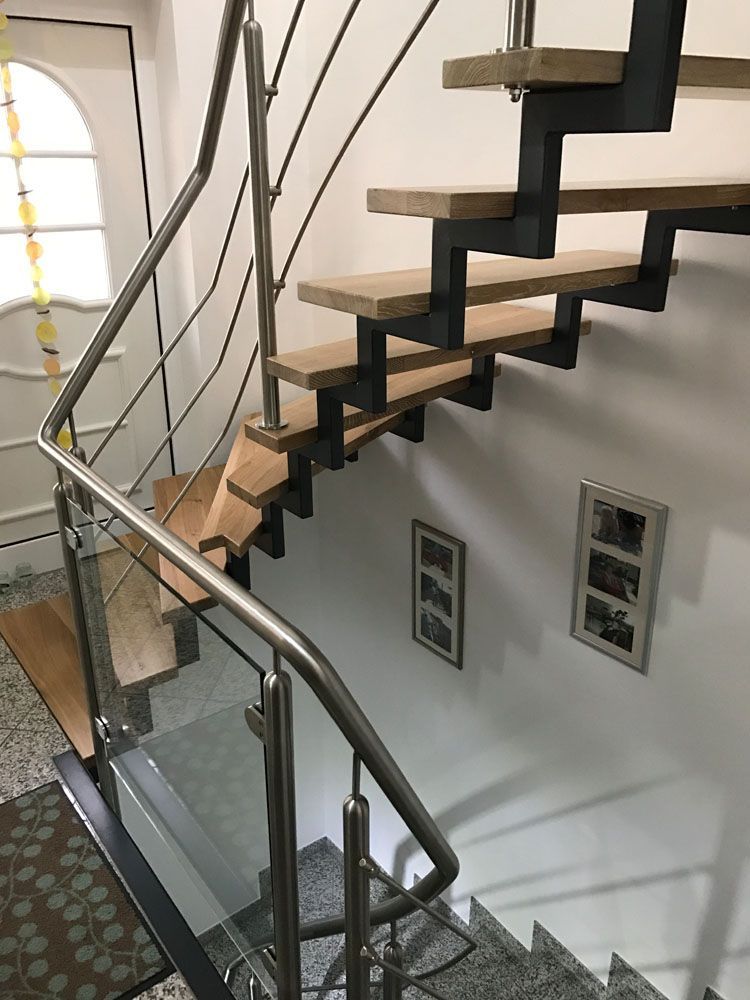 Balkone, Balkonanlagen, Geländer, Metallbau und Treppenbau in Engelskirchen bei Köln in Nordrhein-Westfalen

--

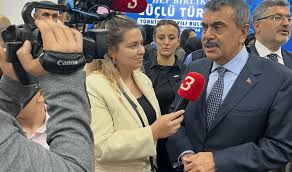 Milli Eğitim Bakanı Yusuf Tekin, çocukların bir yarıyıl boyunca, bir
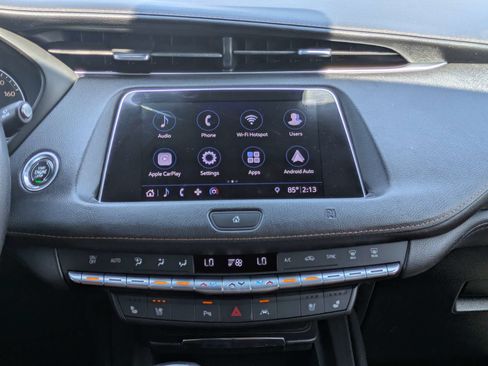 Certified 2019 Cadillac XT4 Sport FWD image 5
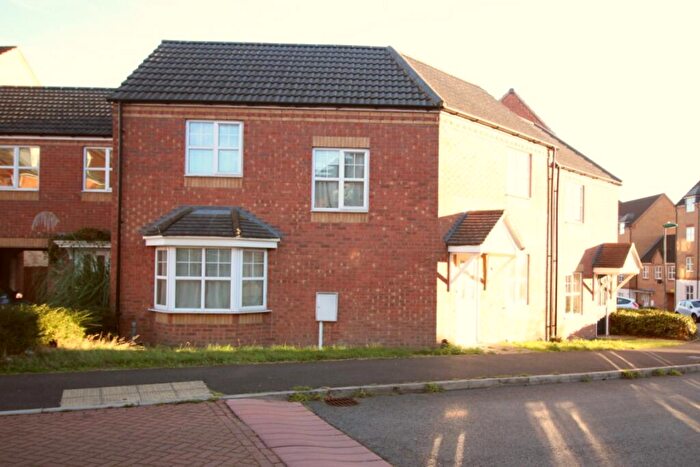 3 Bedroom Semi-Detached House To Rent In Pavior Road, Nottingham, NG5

WORK TASK: What to print is the stretch of entries from the line with "Milli Eğitim Bakanı" up to and including the line with "3 Bedroom Semi-Detached". Please print it exactly and leave out the pictures.

ANSWER BELOW:
 Milli Eğitim Bakanı Yusuf Tekin, çocukların bir yarıyıl boyunca, bir
 Certified 2019 Cadillac XT4 Sport FWD image 5
 3 Bedroom Semi-Detached House To Rent In Pavior Road, Nottingham, NG5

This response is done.